Broader Azure Region Coverage

Azure catalog now pulls the full list of physical regions via the subscription-wide /locations endpoint instead of per-SKU locationInfo, which was silently gated on per-SKU enrollment. Measured on one subscription: 43 → 58 regions, ~33k → ~55k SKU rows.

--json on read-shaped commands

status, list, config list, and credentials list now accept --json. Chrome output routes to stderr; stdout is the pure JSON payload, so anycloud list --json | jq just works. credentials list --json emits only {name, cloudProvider} — secret fields never cross the boundary. Empty results return [] instead of the prior "No X found" strings.

Interactive deployment picker (TTY only)

Deployment ID is now optional on status, logs, exec, ssh, terminate, and resubmit: omit it in a TTY for an interactive picker (multi-select on terminate and resubmit). This walks back part of the "Non-Interactive CLI" change from 0.1.7 — non-TTY/CI still requires an explicit ID or ANYCLOUD_DEPLOYMENT_ID, so scripts and agents are unaffected.

Azure-safe deployment ID cap

Max deployment ID length lowered 40 → 28 to leave room for the -${index} suffix Azure appends to VM/NIC/public-IP names. Auto-generated IDs also tightened so they fit under the new cap.

0.1.7

Batch Submission in the Python SDK

Submit many jobs in parallel from a single call, with first-class partial-failure handling. The decorator path gets a map helper for fan-out workloads.

More Resilient Prebakes

Cached images survive upstream base-image rotation, and bake outcomes now show up in deployment status instead of disappearing into logs. CLI status also surfaces when a deploy hits a prebake cache.

Quota Requests From the CLI

Request and check cloud quota directly from the CLI, with AWS now supported alongside Azure. Deployments that exhaust retries on a quota error point you at the new commands.

Credentials Through the API

The CLI and MCP no longer touch plaintext credentials on disk. New MCP tools cover importing existing cloud credentials and generating least-privilege ones.

Non-Interactive CLI

Every CLI command is now flag- and env-driven — no prompts, no pickers, no wizards.

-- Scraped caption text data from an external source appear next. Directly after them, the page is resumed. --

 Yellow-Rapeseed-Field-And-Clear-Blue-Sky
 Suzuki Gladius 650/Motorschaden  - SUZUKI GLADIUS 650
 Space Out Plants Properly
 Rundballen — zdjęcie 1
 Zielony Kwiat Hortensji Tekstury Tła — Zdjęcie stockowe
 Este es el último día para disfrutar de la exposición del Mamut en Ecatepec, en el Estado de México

Better for scripts, CI, and agents.

Steadier Region Rotation

Region or SKU mismatches from a cloud no longer fail a deployment outright; the optimizer rotates instead.

0.1.6

More Resilient Image Pulls

Faster retries on transient pull failures and gentler post-provisioning backoff.

Expanded MCP Server

Added list_gpus, list_gpu_counts, credentials_get, bucket_upload, bucket_download, and build tools.

Smarter Region Rotation

When every target is temporarily blocked, the optimizer rotates across regions instead of stalling on the cheapest one. Block TTLs are also preserved at their maximum, and InvalidTarget blocks are capped at 6 hours.

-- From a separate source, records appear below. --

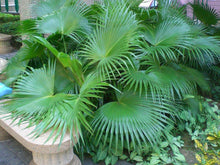 Palmetto Palm Plants for a lasting addition to the Tropical Garden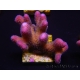 WYSIWYG Stylophora pistillata Pink 1F1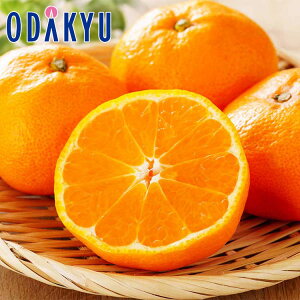   a̎RY ؏n݂ V 5kg G b121ȍ~zEւ͓͕s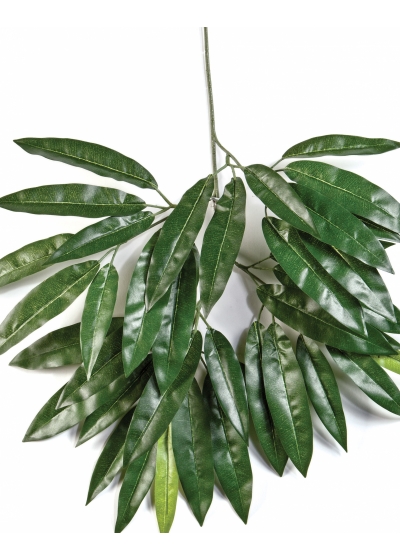 Mango spray x 41 55 cm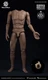 WorldBox AT020 1/6 Male Man Standard Muscle Figure Body 12inches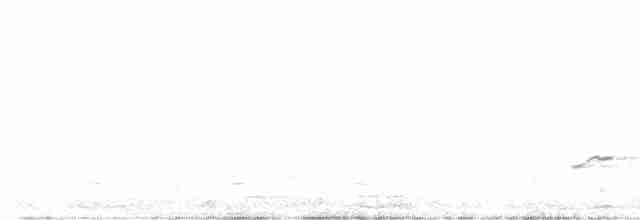 Spotless Crake - ML536217441
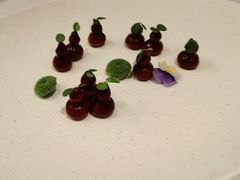 -上海小南国(国会店)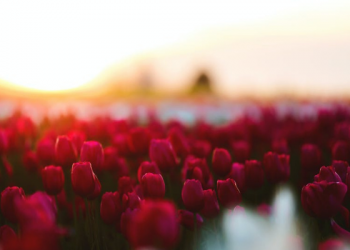 Abu Ubaidah bin Jarrah, Orang Kepercayaan Umat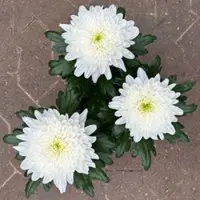 Pflanzen-Kölle Chrysantheme 'Zembla Next White', weiß, großblumig, Topf-Ø 13 cm, 6 Pflanzen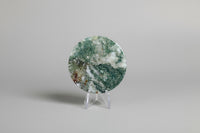 Moss Agate Polished Round Slice #10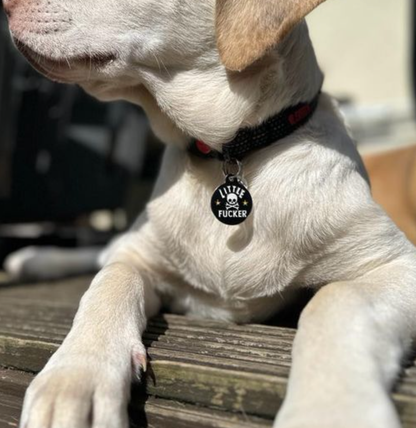 "Little F*cker" Dog Tag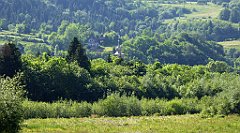 0387_TZ60_P1110862_cr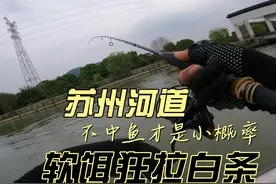 苏州河道，新软饵狂拉白条，还差点骗到了白鹭，太容易连杆了视频封面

Strict CloudConfig Validation (Python SDK)

CloudConfig now rejects unknown keyword arguments instead of silently ignoring them.

0.1.5

Per-Bucket Storage Credentials

Input and output buckets can now use different cloud credentials and regions. The shared storageCredentials/storageRegion fields have been replaced with per-bucket equivalents (inputStorageCredentials, outputStorageCredentials, etc.).